### PROVIDED RECORDS
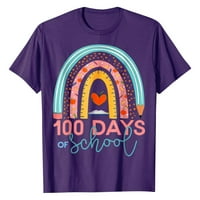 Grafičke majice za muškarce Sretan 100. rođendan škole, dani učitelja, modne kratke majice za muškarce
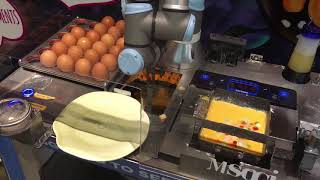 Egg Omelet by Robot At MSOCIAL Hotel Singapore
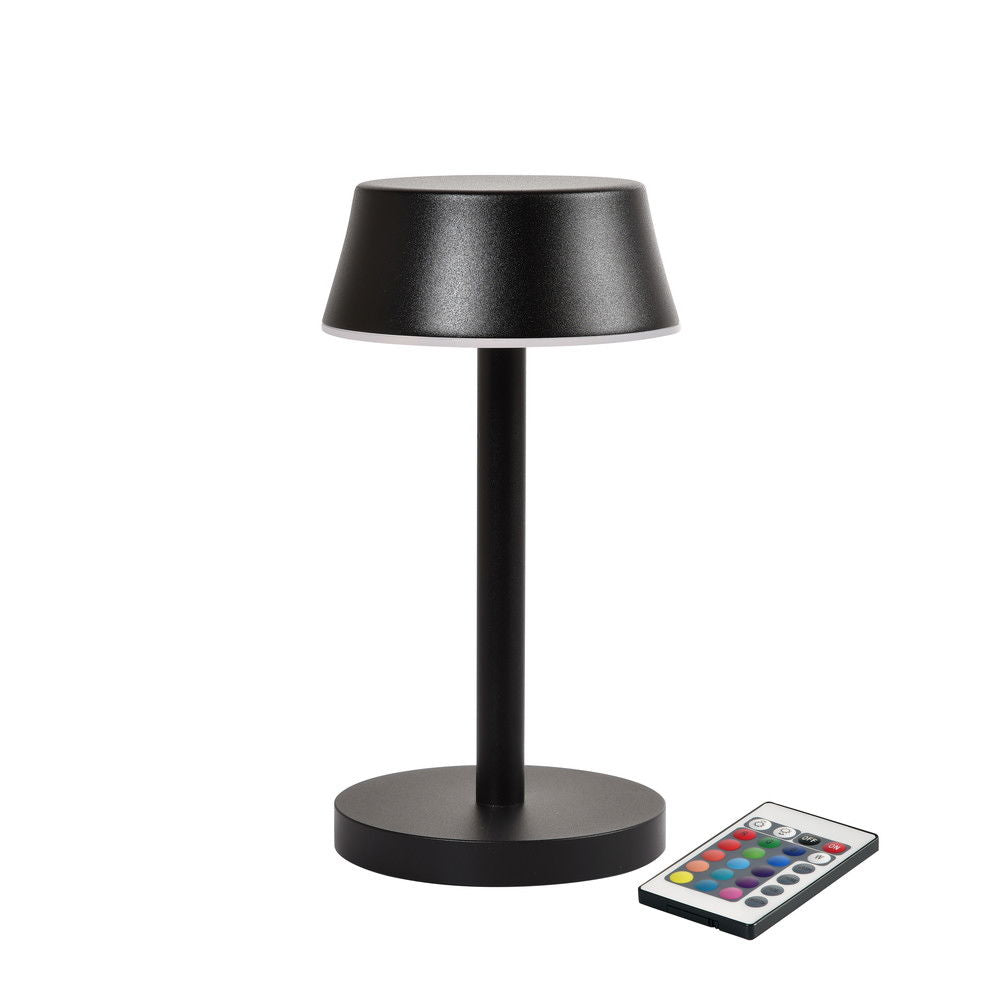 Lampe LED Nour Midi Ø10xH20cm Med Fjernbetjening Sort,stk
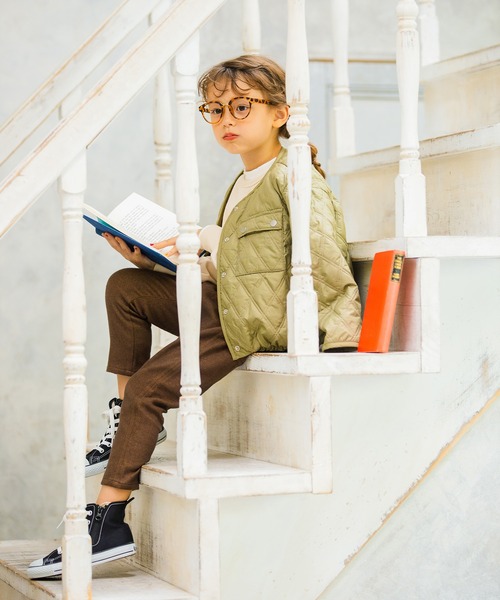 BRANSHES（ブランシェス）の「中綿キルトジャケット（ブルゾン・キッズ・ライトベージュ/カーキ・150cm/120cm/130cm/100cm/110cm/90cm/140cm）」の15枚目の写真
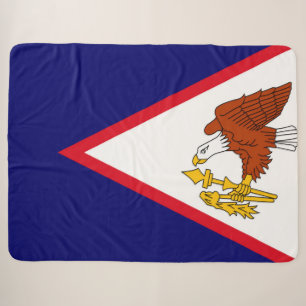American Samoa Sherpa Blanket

* * *

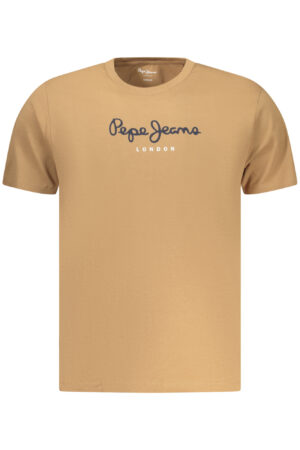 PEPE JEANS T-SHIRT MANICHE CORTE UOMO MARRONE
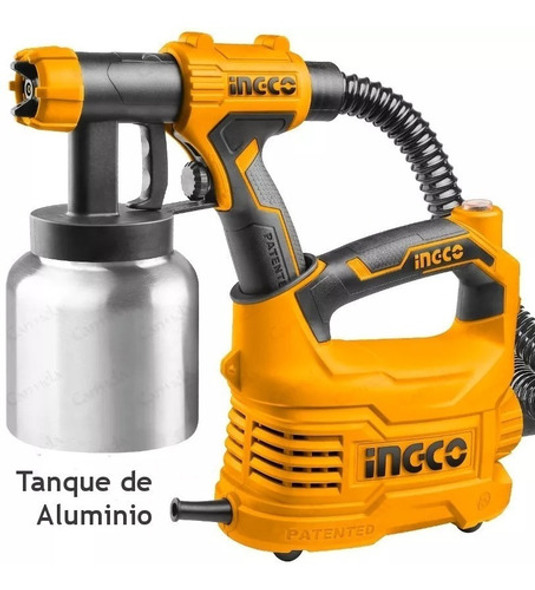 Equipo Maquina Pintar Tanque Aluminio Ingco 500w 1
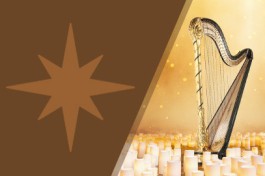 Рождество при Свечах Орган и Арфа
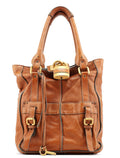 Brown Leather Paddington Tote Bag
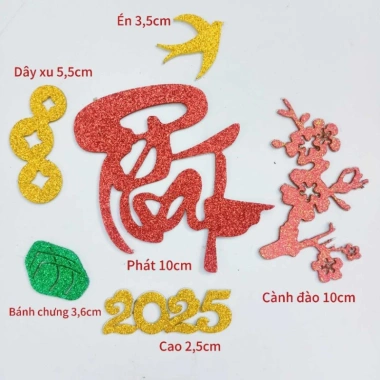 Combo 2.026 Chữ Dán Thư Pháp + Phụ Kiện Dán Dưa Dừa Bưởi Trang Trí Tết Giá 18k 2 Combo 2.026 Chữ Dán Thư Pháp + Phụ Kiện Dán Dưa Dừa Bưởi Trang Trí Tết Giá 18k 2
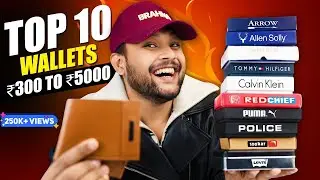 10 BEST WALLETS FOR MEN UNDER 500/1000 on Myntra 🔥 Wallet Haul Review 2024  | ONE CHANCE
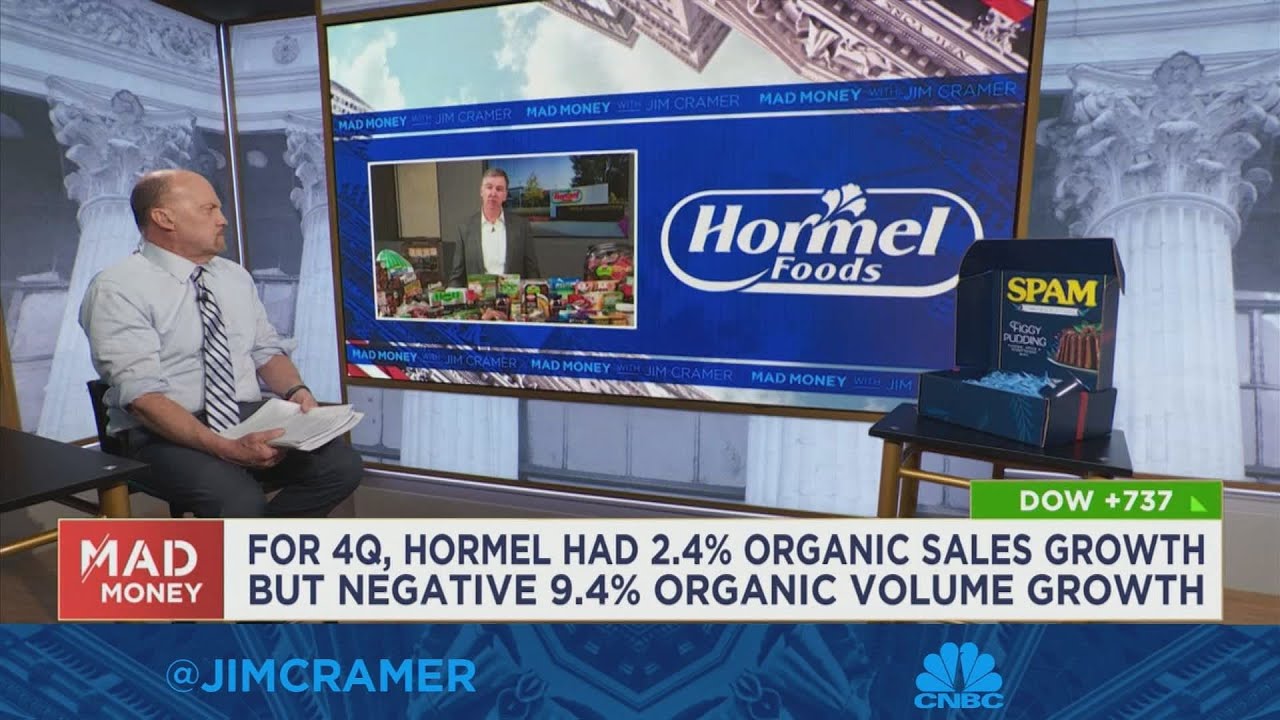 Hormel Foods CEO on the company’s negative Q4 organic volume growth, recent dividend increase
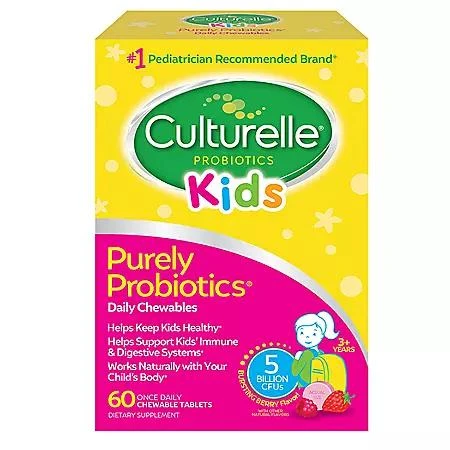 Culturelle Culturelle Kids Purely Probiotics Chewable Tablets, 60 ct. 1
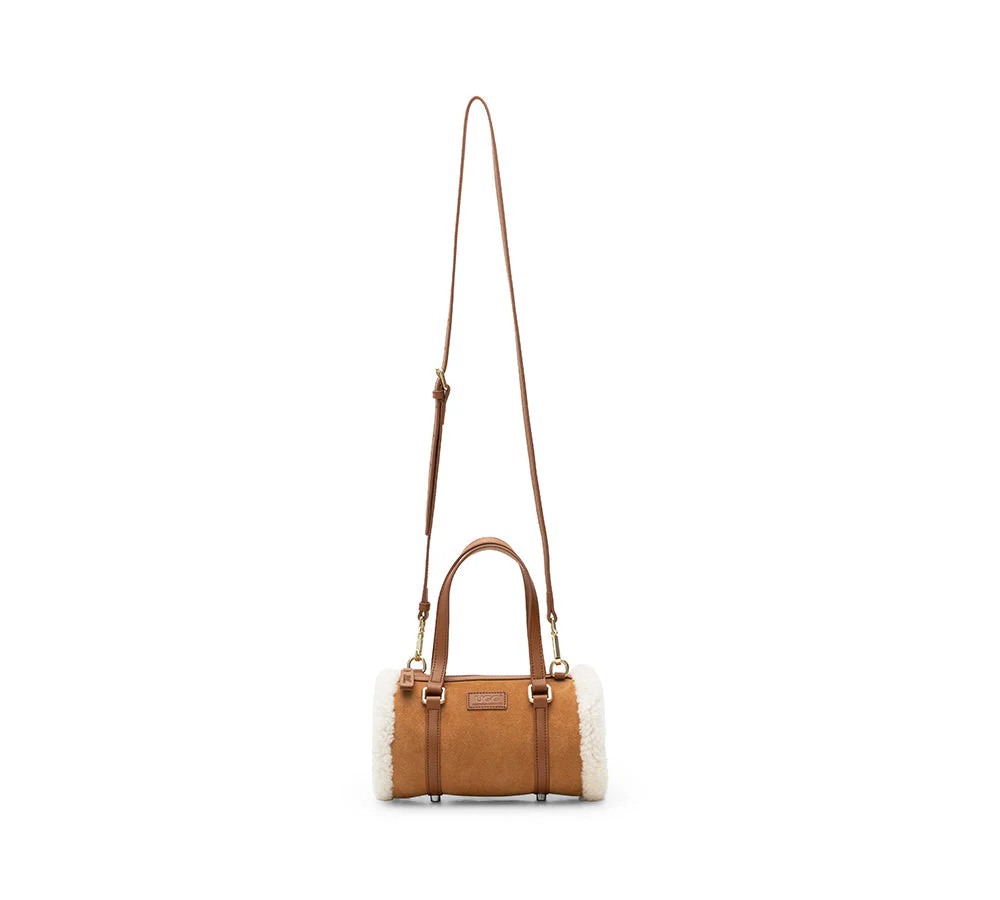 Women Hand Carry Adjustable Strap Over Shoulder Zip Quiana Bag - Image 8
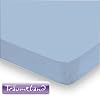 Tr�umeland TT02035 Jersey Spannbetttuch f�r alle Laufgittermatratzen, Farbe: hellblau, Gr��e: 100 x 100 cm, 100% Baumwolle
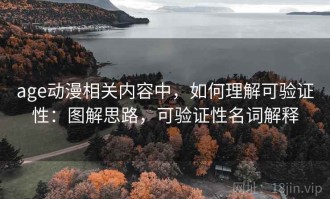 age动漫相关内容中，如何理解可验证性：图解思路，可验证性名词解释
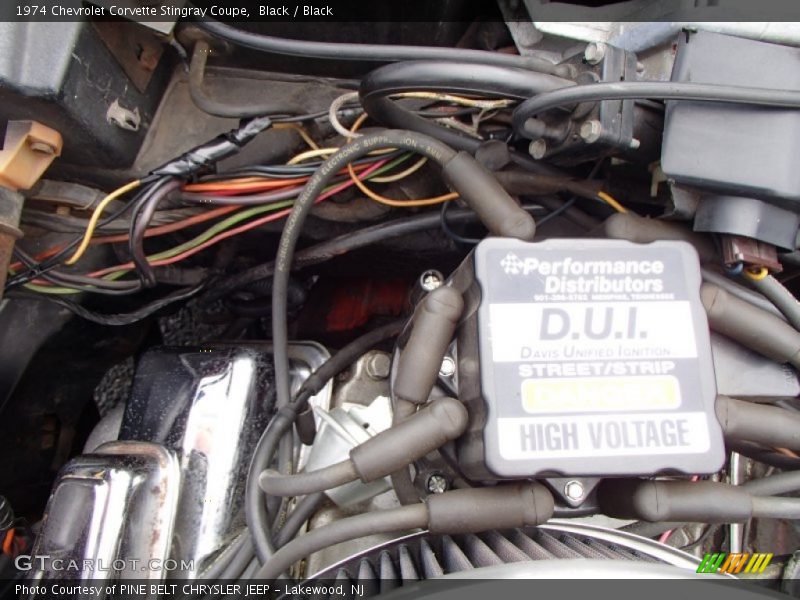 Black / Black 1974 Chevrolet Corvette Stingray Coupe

---

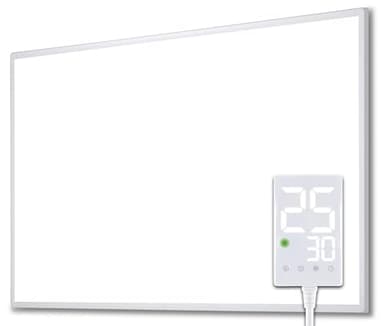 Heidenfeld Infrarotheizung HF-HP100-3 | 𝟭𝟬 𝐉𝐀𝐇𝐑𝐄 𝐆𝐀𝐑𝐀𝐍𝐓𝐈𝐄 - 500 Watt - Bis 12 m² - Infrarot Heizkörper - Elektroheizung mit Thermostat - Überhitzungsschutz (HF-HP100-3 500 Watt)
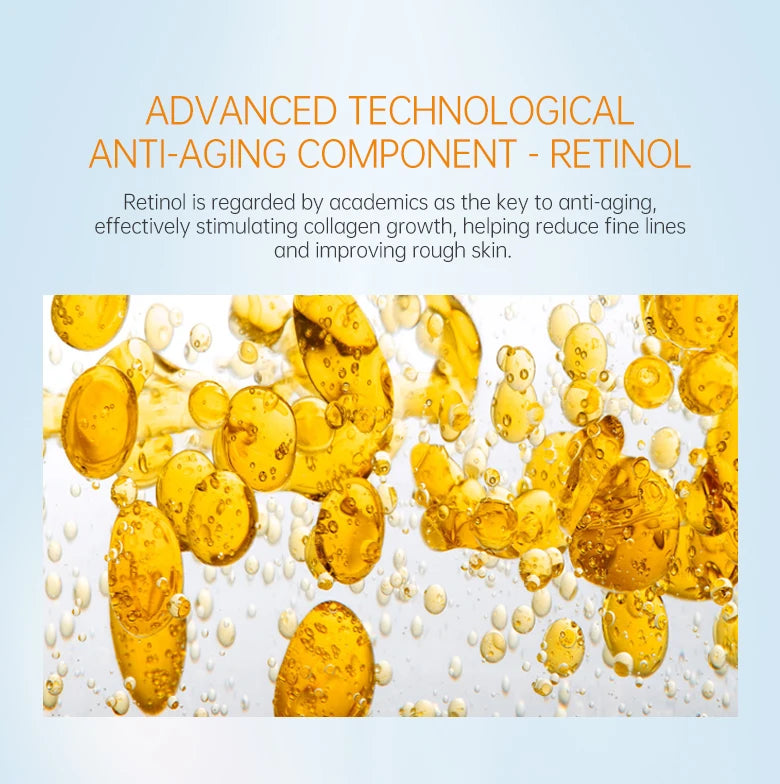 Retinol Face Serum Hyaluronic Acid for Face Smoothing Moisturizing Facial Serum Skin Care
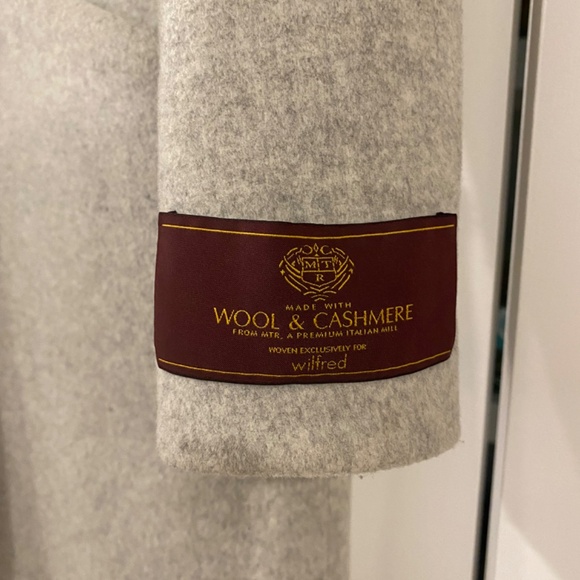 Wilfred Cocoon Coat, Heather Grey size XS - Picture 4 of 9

### ASSIGNMENT
Given the records above, return the lines starting at the one that holds "Grafičke majice za" and ending at the one that holds "American Samoa Sherpa Blanket", exactly, and nothing besides; leave every picture out.

### OUTPUT FOR THIS TASK
 Grafičke majice za muškarce Sretan 100. rođendan škole, dani učitelja, modne kratke majice za muškarce
 Egg Omelet by Robot At MSOCIAL Hotel Singapore
 Lampe LED Nour Midi Ø10xH20cm Med Fjernbetjening Sort,stk
 BRANSHES（ブランシェス）の「中綿キルトジャケット（ブルゾン・キッズ・ライトベージュ/カーキ・150cm/120cm/130cm/100cm/110cm/90cm/140cm）」の15枚目の写真
American Samoa Sherpa Blanket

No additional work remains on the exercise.